En premier lieu, une disposition favorisant le « déclic d’embauche » apparaît particulièrement nécessaire si l’on veut maintenir le flux de création d’emplois dans les TPE, notamment à l’occasion de l’embauche du premier salarié. Cette incitation passe par une exonération totale de cotisations patronales de Sécurité Sociale, quel que soit le salaire du premier embauché. Une telle mesure devrait générer à elle seule plusieurs centaines de milliers d’emplois.
D’autre part, quand on sait que plus de 300 000 emplois par an ne sont actuellement pas pourvus en raison de l’inadéquation des formations avec les besoins du marché, il est temps de remettre à plat la finalité des formations universitaires.

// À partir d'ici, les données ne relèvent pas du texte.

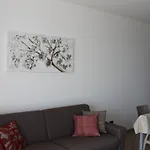 Poggio Di アパート *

Dans ce but, il est impératif de renforcer les relations entre l’école, l’université et l’entreprise. Il conviendrait aussi, que les entretiens d’orientation soient l’occasion de mises en garde contre les faibles chances d’insertion professionnelle de certaines filières. Et pour éviter l’engorgement et le manque de débouchés vers l’emploi, ne serait-il pas utile de réfléchir à la mise en place d’un « numerus clausus » s’appuyant sur un organisme de prospective performant ?
Et sans oublier de valoriser les filières de l’apprentissage. La France possède à la fois l’un des pires taux de chômage des jeunes (23 %) et l’un des plus faibles taux d’emploi en alternance. Un tiers de nos entreprises pratiquent l’alternance contre les deux tiers de leurs homologues allemandes. N’est-il pas enfin temps de réagir ?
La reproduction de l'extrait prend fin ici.